Все эти люди были вспыльчивой и смешливой родней, выпивохами, красавцами, понтярщиками, «большими людьми», обычными работягами. Те, кто работали на земле, особенно любили хаш — фантастическое варево на молоке, которое готовилось всю ночь и съедалось на заре, обязательно с рюмочкой чачи. Одни любили петь, другие выпить, третьи и то и другое и еще поесть от души.
И все обожали детей, своих и чужих. Когда я с кем-нибудь из родни забиралась в автобус и строго спрашивала попутчиков, отвезет ли он меня к бэби (к бабушке), все пассажиры с радостью, не вдаваясь в подробности, отвечали ребенку, что, ну конечно же, отвезет, какие вопросы! Меня называли «девочкой из Москвы», и я до сих пор не могу с уверенностью сказать, чего в тех голосах было больше, жалости или гордости.

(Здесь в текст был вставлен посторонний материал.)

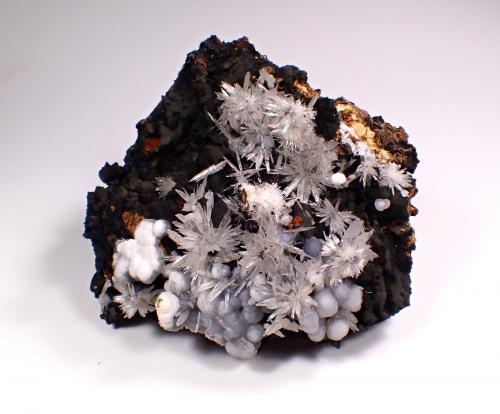 Aragonite, Calcite<br />Gergovie, La-Roche-Blanche, Veyre-Monton, Departamento Puy-de-Dôme, Auvergne-Rhône-Alpes, Francia<br />114 mm x 112 mm x 79 mm<br /> (Author: Don Lum)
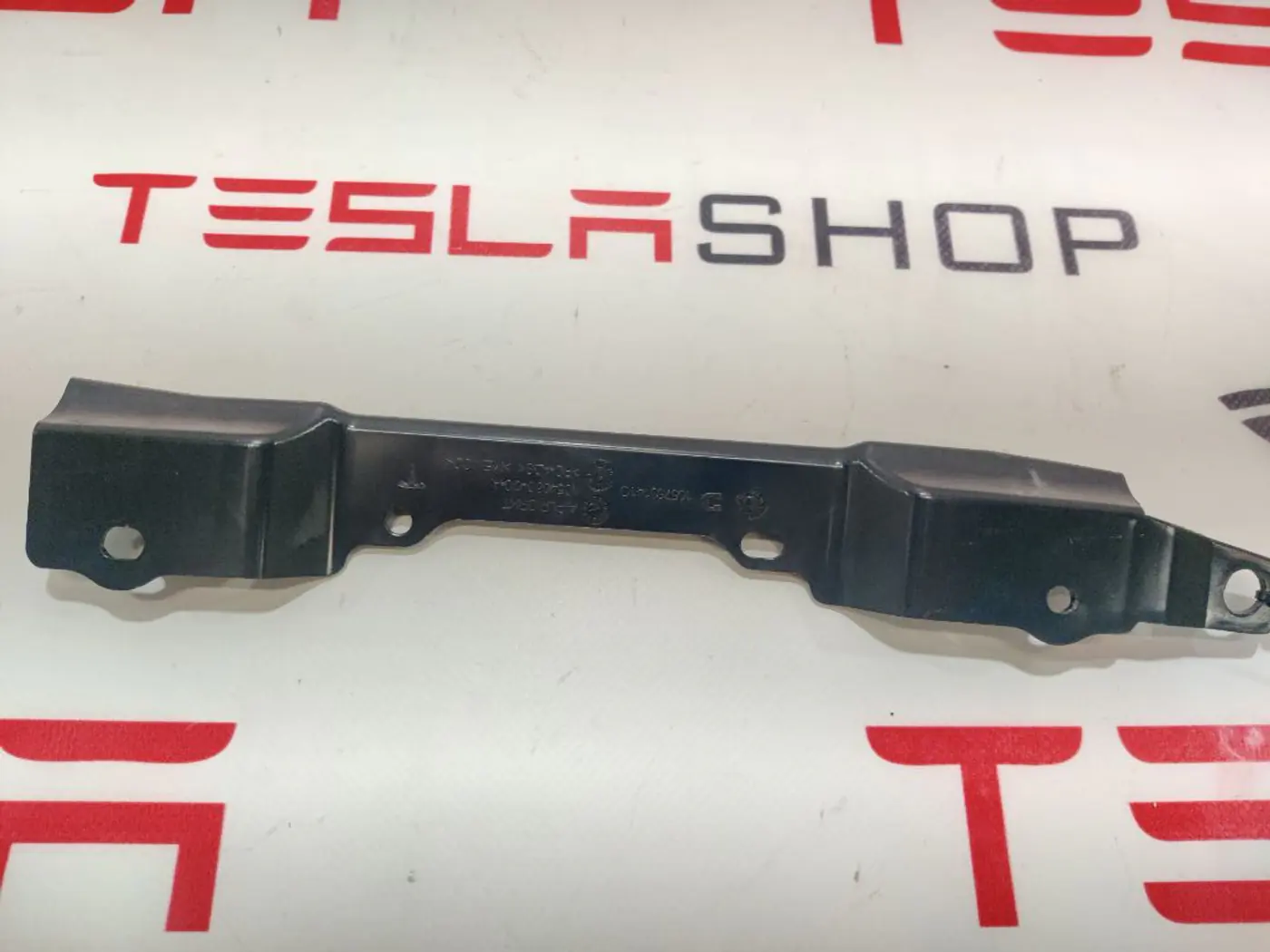 Крепление проводки к Tesla Model X 2016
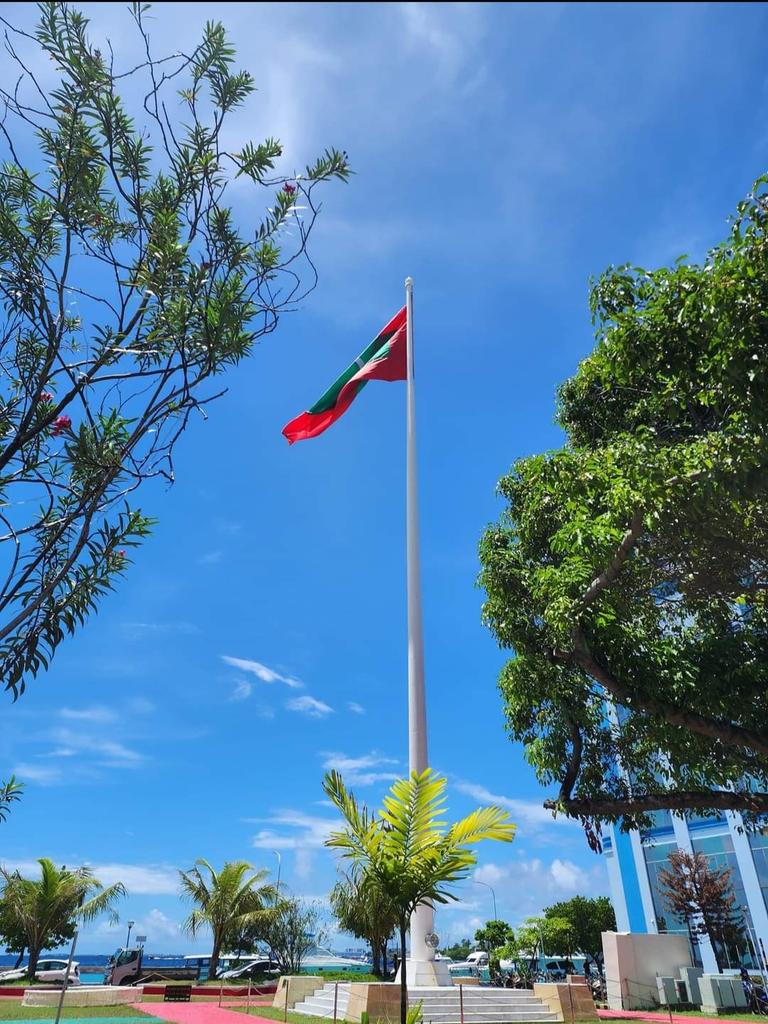 59 ވަނަ މިނިވަން ދުވަހުގެ ތަހުނިޔާ ދިވެހި އެންމެ ހާ ލޮބުވެތި ރައްޔިތުންނަށް އަރިސްކުރަން 🇲🇻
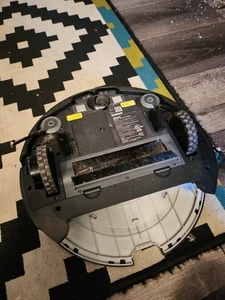 Shark ION 720 Silver Robot Vacuum Cleaner - Picture 1 of 2
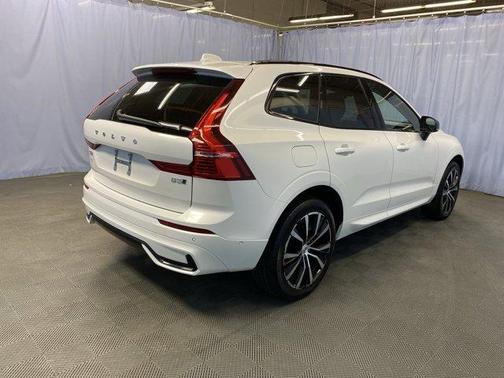 2025 Volvo XC60 B5 Plus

Сама я уже не помню, но мама рассказывала, как однажды мы с бабушкой гостили у кого-то из родственников в горах, пришли взрослые люди и спросили: «Деточка, ты говоришь по-мегрельски?» А я им в ответ так уверенно и с характерным резким жестом: «Конечно, умею! Меу джохори!» И тут все ударились об пол и покатились колесиками со смеху. Оказывается, деточка радостно выпалила: «Конечно, умею! Пошел вон, собака!» Ну а что, если это была единственная фраза, которую я знала? А знала потому, что постоянно слышала от соседки, что гоняла свою хитрую псину со двора.
А каким важным и таинственным казалось мне тогда вино, разлитое по исполинским кувшинам и запрятанное до времени в темноте подвалов и погребов деревенских домов. Я пробиралась туда, ложилась на землю или прикладывала ухо к пузатым глиняным бокам и, казалось, слышала, как сплетничает обо всем на свете виноград и предвкушает то время, когда откроют бутыли и настанет всем «хмели-сунели»!
Вот таким ярким, сочным и простым, как на картинах Нико Пиросмани, все и осталось в сознании. За пределами того двора оказался большой, непростой и порой недобрый мир, полный боли, слез, разрухи, отчаяния, недоумения, злости, войны. Но в нем, в самой его глубине, в самом правильном месте, всегда скрывается тот, другой, настоящий, где дяде Гиви повезло заполучить в жены русалку, где вино бродит и разговаривает в кувшине, где всегда любовь и всем светит сплошное и бесконечное хмели-сунели!